# Robbery victim fights back, shoots suspect



## Bill Mattocks (Apr 26, 2010)

http://news.cincinnati.com/article/...46/Robbery+victim+fights+back++shoots+suspect



> Three suspects, including at least one armed with a gun, approached a man about 10:30 p.m. in the 3800 block of West Liberty Street in Price Hill and attempted to rob him, police said.
> The victim pulled out and fired his own gun at the suspects, striking and wounding one of them seriously.


----------



## derobec (Apr 26, 2010)

Hi,

I can only applaud the intended victim's actions. Those that choose harming others as a career move need to be awakened to the very real possibility that their chosen line may result in their own demise.

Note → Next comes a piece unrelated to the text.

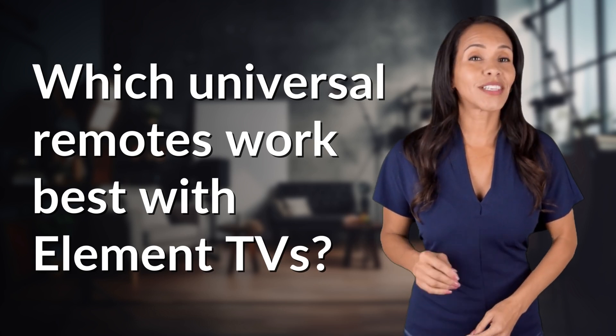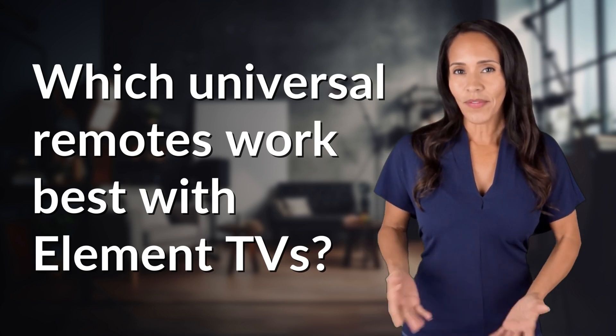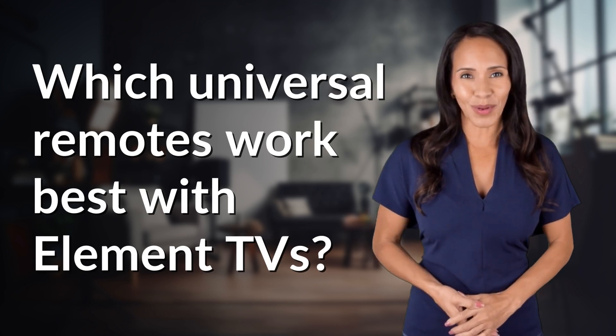Embark on a journey of curiosity with us. What fascinating questions are we exploring today?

Not sure how this guy will stand, but if he'd responded in such a way here in the UK he would probably be facing several years inside.

Regards,
William


----------



## MJS (Apr 26, 2010)

Another story of the good guys fighting back! :ultracool  2 thumbs up for the good guys!!


----------



## grydth (Apr 26, 2010)

The UK is a wonderful nation, a good friend to us....and needs no guidance from me on how to run things there.

However, I am glad that I live in the USA where I do not face the awful choice to either: 1) passively accept being robbed and possibly murdered, or 2) face jail for taking necessary measures for defending my own life.


----------



## Sukerkin (Apr 26, 2010)

Diplomatically said, *Grydth* .

I think that *Tez* has been over this ground a couple of times in threads where the subject matter touches on the use of force for self-defence.  The basic tenet is that if it is a degree of force that a reasonable person would consider justified then a person would not be prosecuted for it - tho they may go to civil court if the real villain chooses to try and sue {which is ridiculous in my eyes}.


----------



## grydth (Apr 26, 2010)

Sadly, there are all too many cases in the USA of various bad/stupid/undeserving guys successfully suing in civil courts...


----------



## MJS (Apr 26, 2010)

grydth said:


> Sadly, there are all too many cases in the USA of various bad/stupid/undeserving guys successfully suing in civil courts...


 
Yeah, go figure.  I mean, I dont understand how someone could break into my house, attack me, I defend myself, and this bag of **** sues me.  I hate to say it, but you're almost better making sure they can't sue you.   Then again, the family of the bag of **** can sue you, for wrongful death of their upstanding, son, who was a wonderful, caring father of 3, from 3 different women, was a star basketball palyer in school, but was having issues.  Please.


----------



## KenpoTex (Apr 26, 2010)

glad it turned out the way it did...just wish the guy had been a better shot :ultracool


----------



## Andy Moynihan (Apr 27, 2010)

A glass raised to a failed mission. I'm only sorry for his lack of accuracy.


----------



## Explorer (May 2, 2010)

With regard to being sued in civil court. That cuts both ways. So, I propose the victim preempts any legal action with legal action of his own. I think it would be perfect for the attackers to receive legal summons in their hospital beds.

My 2 cents.

best to all!


----------



## Deaf Smith (May 3, 2010)

grydth said:


> Sadly, there are all too many cases in the USA of various bad/stupid/undeserving guys successfully suing in civil courts...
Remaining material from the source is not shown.